C'est un enjeu que le Parti libéral s'est engagé à régler. Pour M. Gaudet, le monde numérique est inégal dans ce domaine. «Si on va sur Newegg, qui vend des produits informatiques, comme leur siège social est en Ontario, ils font seulement payer les taxes applicables dans cette province. Si t'achètes un produit là au lieu d'Amazon, tu peux sauver parfois 30 $. Quand on se rend compte que la province se prive de ces ressources-là, c'est un énorme enjeu.»

Cet argent pourrait ensuite être réinvesti dans les priorités numériques. «Je ne sais pas à quel point ça peut être réalisable législativement, mais on pourrait utiliser l'argent de ces taxes des produits culturels numériques et de la vente en ligne pour financer les infrastructures numériques», plaide-t-il.

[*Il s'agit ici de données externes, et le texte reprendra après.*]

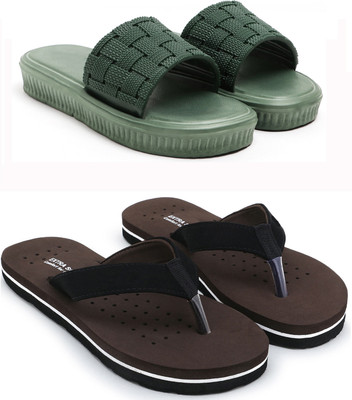 Dewon Women Slides(Green, Brown , 8)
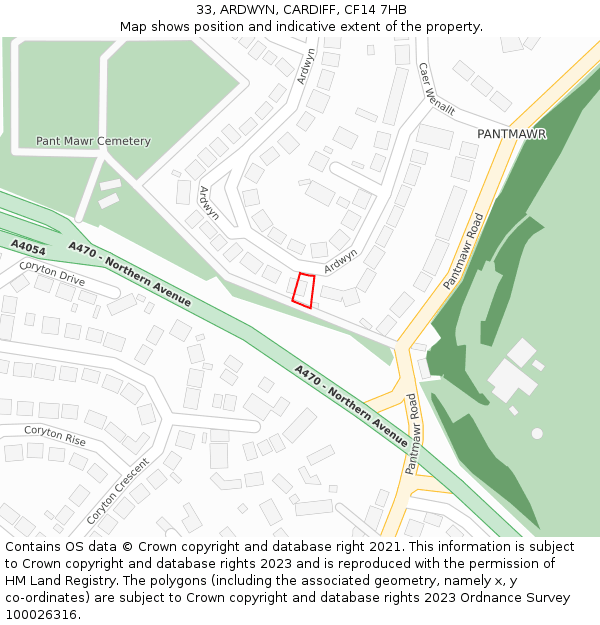 33, ARDWYN, CARDIFF, CF14 7HB: Location map and indicative extent of plot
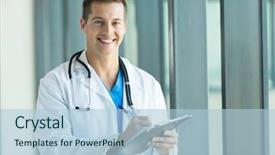  Presentation with intern - Slide set consisting of happy young intern doctor holding a clipboard background and a light blue colored foreground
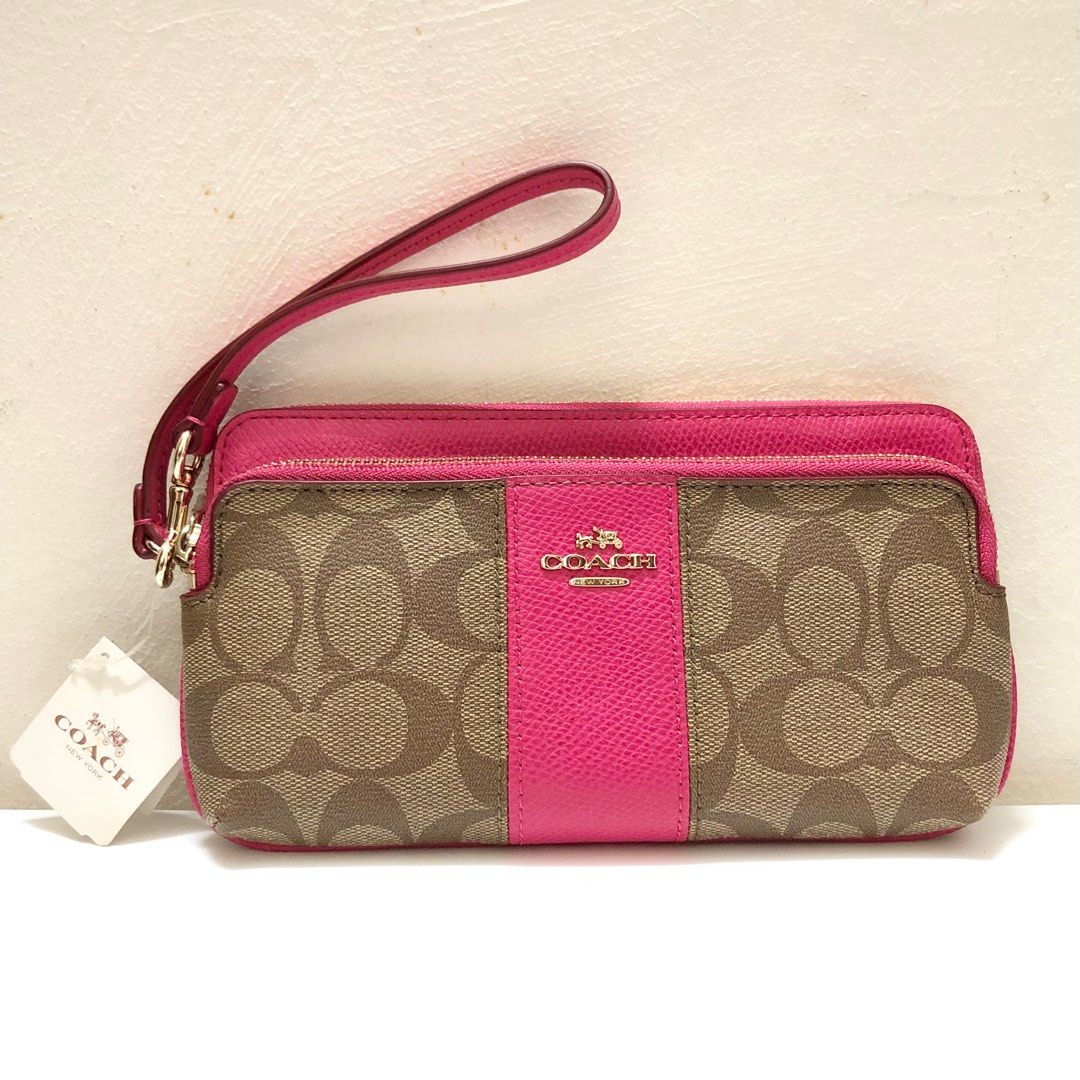 Pink and shop tan coach wallet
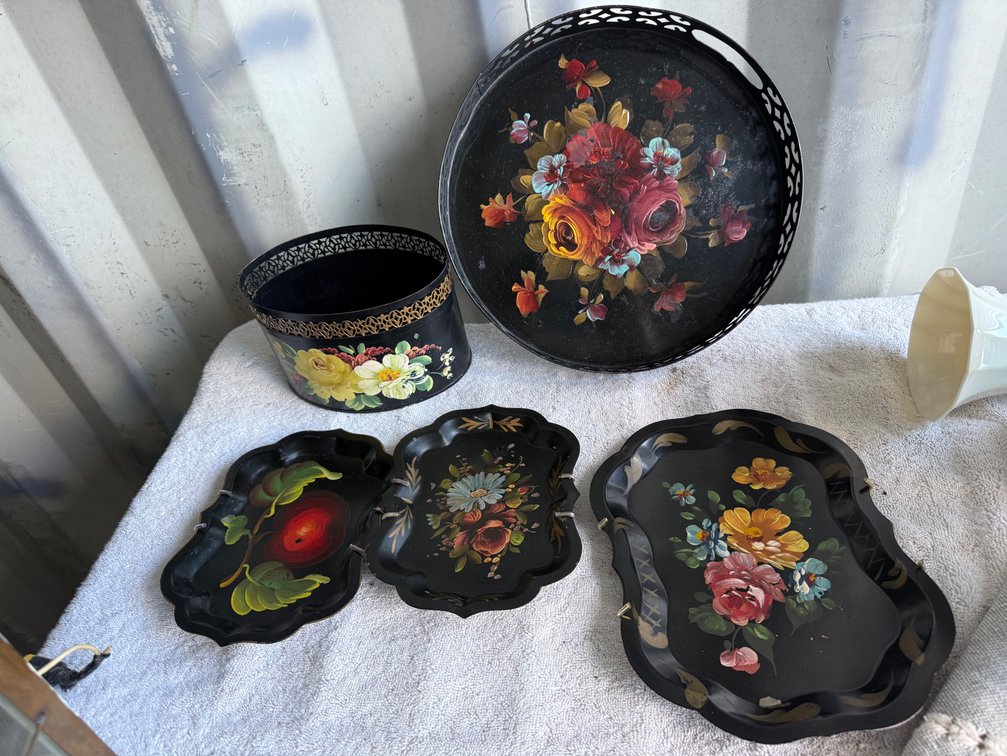 Hand-Painted Black Toleware Trays and Planter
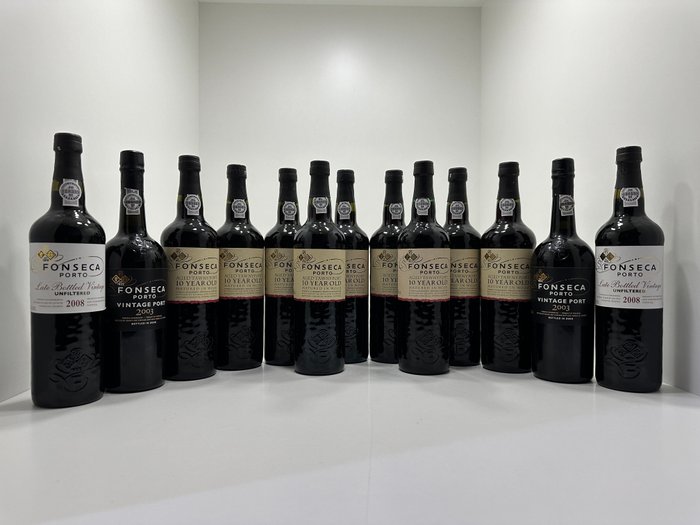 Fonseca: 2003 x2 Vintage Port, 2008 x2 LBV & 9x 10 Years Old Tawny (Bottled 2012) - Oporto - 13 Sticle (0.75L)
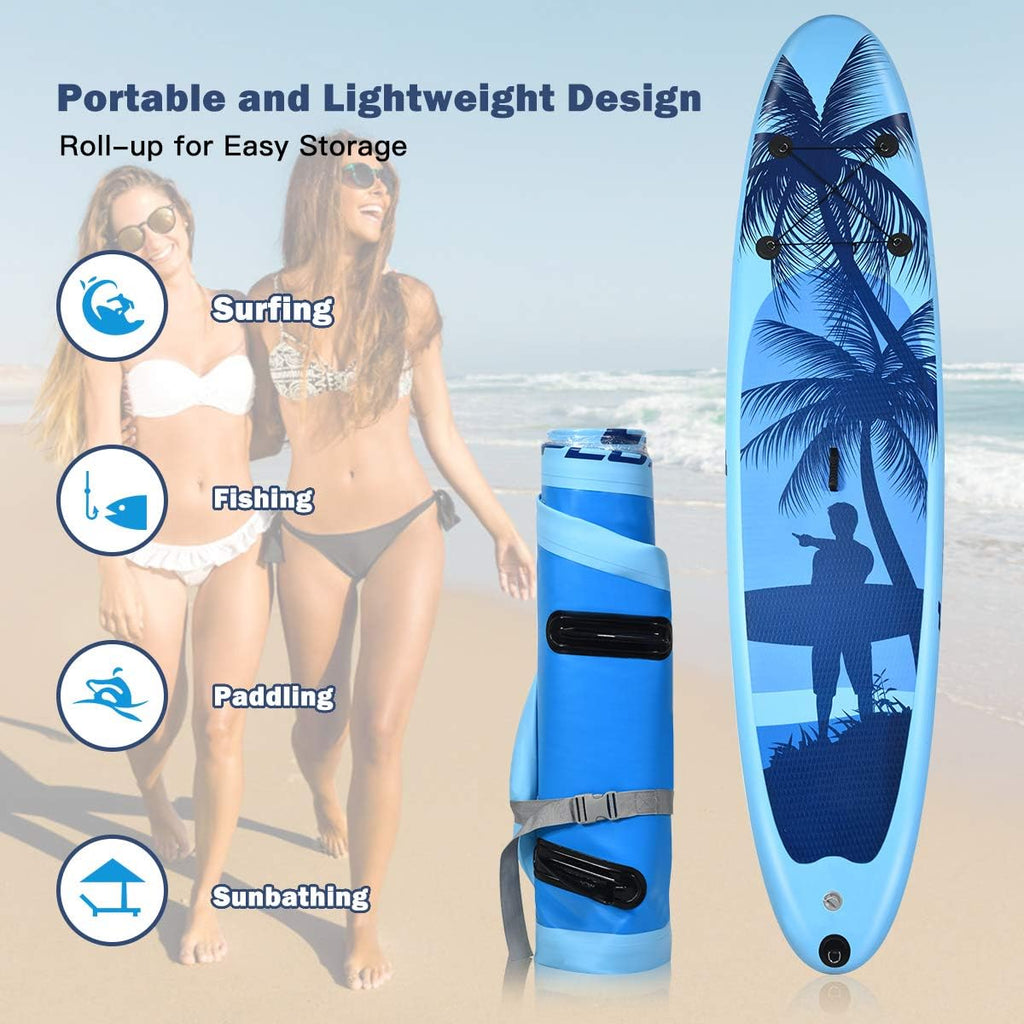 Goplus 9.8'/10'/11' Inflatable Stand Up Paddle Board, 6.5' Thick SUP with Premium Accessories and Carry Bag, Wide Stance, Bottom Fin for Paddling, Surf Control, Non-Slip Deck, for Youth and Adult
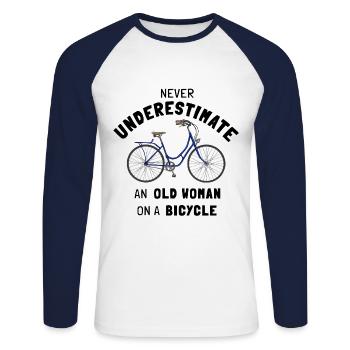 Never underestimate an old woman on a bike - Unisex Long Sleeve Baseball T-Shirt - white/navy - Front - Nik (191cm)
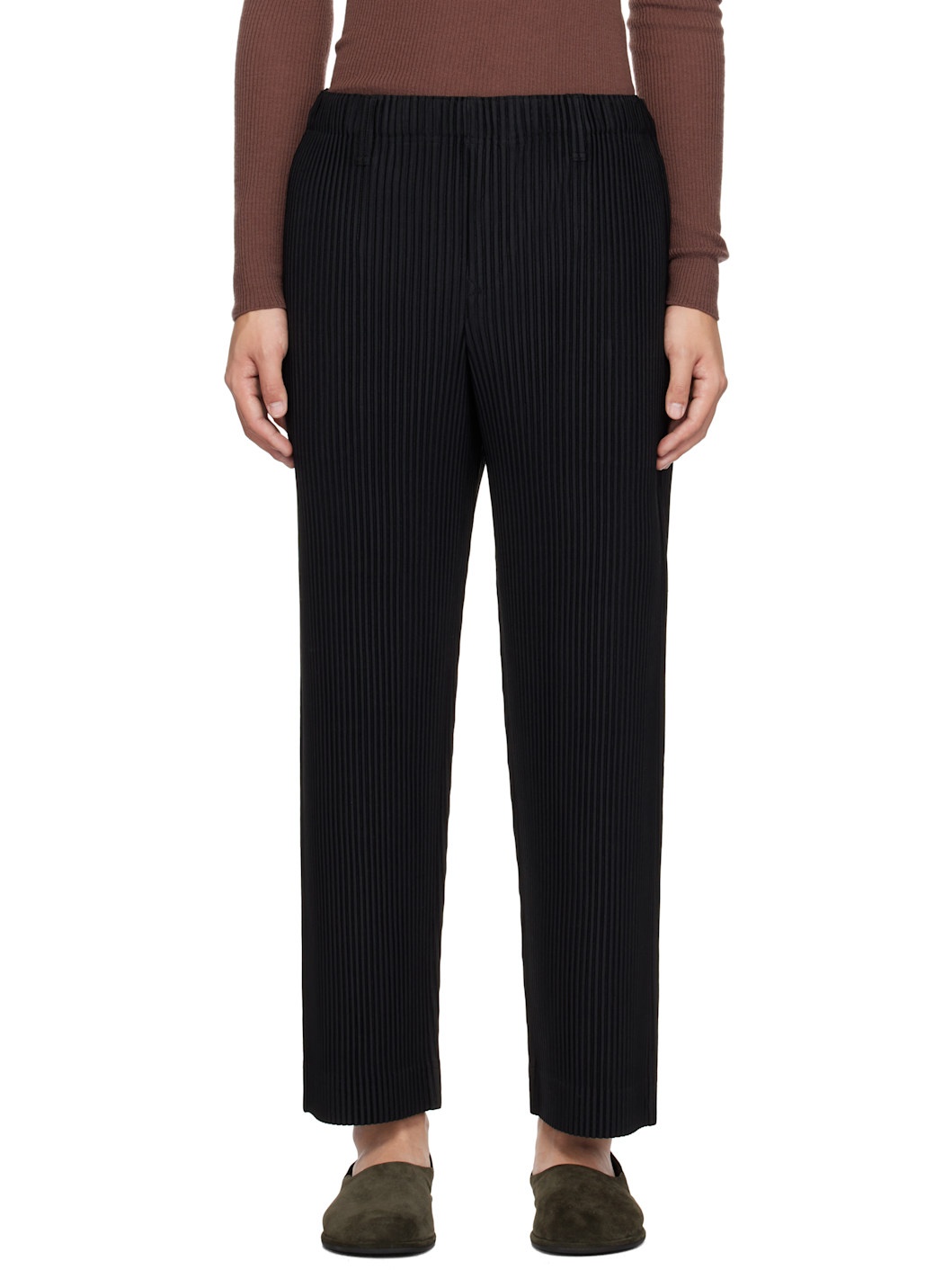 Black Tailored Pleats 2 Trousers - 1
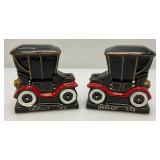 Pair Of Vintage Ceramic CHEVROLET 1913 Pen Holders 4" x 4 1/2"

Libérer et pérenniser la documentation publique de l'État

Le processus qui entoure la demande d'accès à l'information est compliqué et arriéré, juge Crypto.Québec. «Rendre cette documentation plus transparente fait partie d'un plan numérique qu'il faut parler et ça permet de tisser des liens entre différents enjeux politiques. Il faut que le gouvernement soit plus transparent pour empêcher la corruption, et ça, ça passe par la liberté de l'information sur une plateforme intuitive et qui rend des documents publics de facto», plaide Anne-Sophie Letellier.

Moderniser le cadre législatif des partis politiques pour protéger leurs bases de données

Les partis politiques, particulièrement en période électorale, tentent d'accumuler des données sur leurs sympathisants et les électeurs en général. «Il y a des personnes dans la rue qui ramassent les noms, les codes postaux, les adresses. Souvent, tout ça est géré par des bénévoles, ils n'ont pas de plan très clair pour sécuriser les données qu'ils vont ramasser. Donc, il faut établir des cadres plus sévères parce que sinon, on s'enligne vers des désastres.»

Il faut donc les obliger à avoir des serveurs d'hébergement sécuritaires et indépendants, pour éviter que ces données soient récupérées.

Utilisation du logiciel libre dans la fonction publique

L'organisme Facil travaille à implanter l'utilisation du logiciel libre dans la fonction publique. Un logiciel est considéré libre si ses utilisateurs ont la liberté d'exécuter, de copier, de distribuer, d'étudier, de modifier et d'améliorer le logiciel, ce qui n'est pas le cas pour, par exemple, la suite Microsoft Office.

Facil croit que l'adoption des logiciels libres permettrait de modifier les logiciels pour combler les besoins de la fonction publique sans payer de redevances à de multinationales pour leur utilisation, en plus de pouvoir les modifier pour les améliorer ou assurer la sécurité des données, explique le président, Mathieu Gauthier-Pilote.

À chaque élection depuis quelques années, Facil tente de faire signer son Pacte du logiciel libre par les différents candidats à l'élection. Jusqu'à maintenant, seul Québec solidaire, parmi les partis majeurs, s'est engagé à faire signer ses candidats d'ici le 1er octobre.

De plus, l'organisme présente une page Wiki qui présente sous forme de tableaux les engagements des différents partis dans le domaine numérique.

Correction: Jean-Christophe Gaudet avait d'abord indiqué que le siège social de Newegg était en Colombie-Britannique. Il est plutôt en Ontario. Nos excuses.